Camargo concorda e acrescenta que, como um todo, os brasileiros não dão à educação a devida importância. “As pessoas mais pobres acabam tendo um nível educacional mais baixo, o que resulta em nível de capital humano também mais baixo. O resultado é que eles vão parar em subempregos. Isso só aumenta a desigualdade. O Brasil, por alguma razão, dá pouca importância ao capital humano”, diz Camargo.

O economista Jorge Jatobá, sócio da consultoria Ceplan, afirma que, daqui para frente, o país precisa tomar ações estruturais. “Tem de fazer mudanças radicais na educação”, afirma.

Para o pesquisador do Ipea Marcelo Medeiros, a Pnad mostra que o mercado de trabalho não é mais o motor da queda da desigualdade: “A concentração de renda no Brasil é tão grande que o topo concentra uma parte muito grande da renda. O comportamento desse topo determina a desigualdade.”

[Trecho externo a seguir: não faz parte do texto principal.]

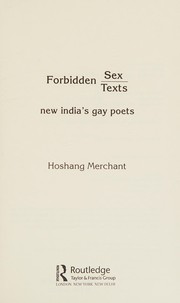 Cover of: Forbidden sex, forbidden texts by Hoshang Merchant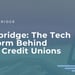 Clarabridge Uses Technology to Help Credit Unions Take a Member-Focused Approach to Service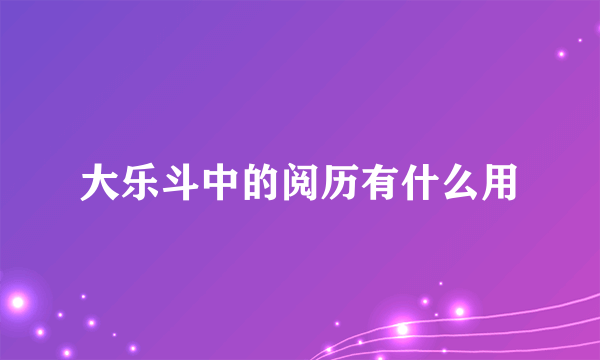 大乐斗中的阅历有什么用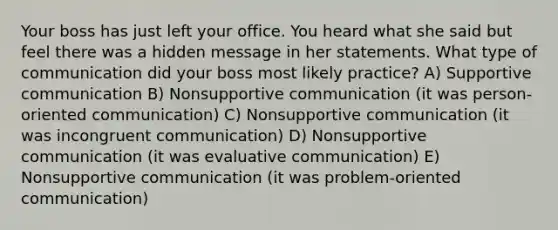 Your boss has just left your office. You heard what she said but feel there was a hidden message in her statements. What type of communication did your boss most likely practice? A) Supportive communication B) Nonsupportive communication (it was person-oriented communication) C) Nonsupportive communication (it was incongruent communication) D) Nonsupportive communication (it was evaluative communication) E) Nonsupportive communication (it was problem-oriented communication)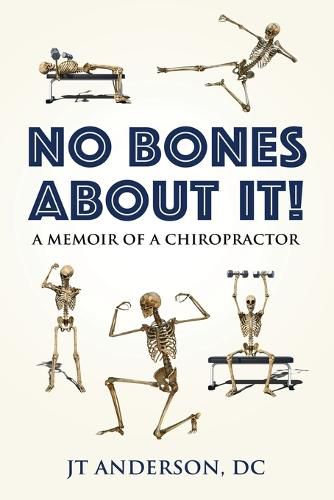 Cover image for NO BONES ABOUT IT- A Memoir of a Chiropractor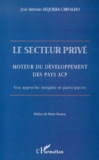 José-Antonio Sequeira Carvalho - Le Secteur Prive, Moteur Du Developpement Des Pays Acp. Une Approche Integree Et Participative.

No mercado de trabalho, a Pnad mostrou que o total de trabalhadores crianças e adolescentes no país caiu 12,3% entre 2012 e 2013, para 3,1 milhões. Esse recuo fez com que a participação de crianças e adolescentes de 5 a 17 anos na população ocupada caísse de 8,4% para 7,4%.

No campo educacional, o analfabetismo das pessoas com mais de 15 anos caiu de 8,7% para 8,3%, totalizando 13 milhões. A taxa está longe do compromisso assumido no Acordo de Dacar (Senegal), pelo qual o país deve chegar a 2015 com analfabetismo em 6,7%. Os que não têm instrução passaram de 11,9% para 12,2%, mas também cresceu a fatia dos quem têm superior completo, de 12% para 12,9%.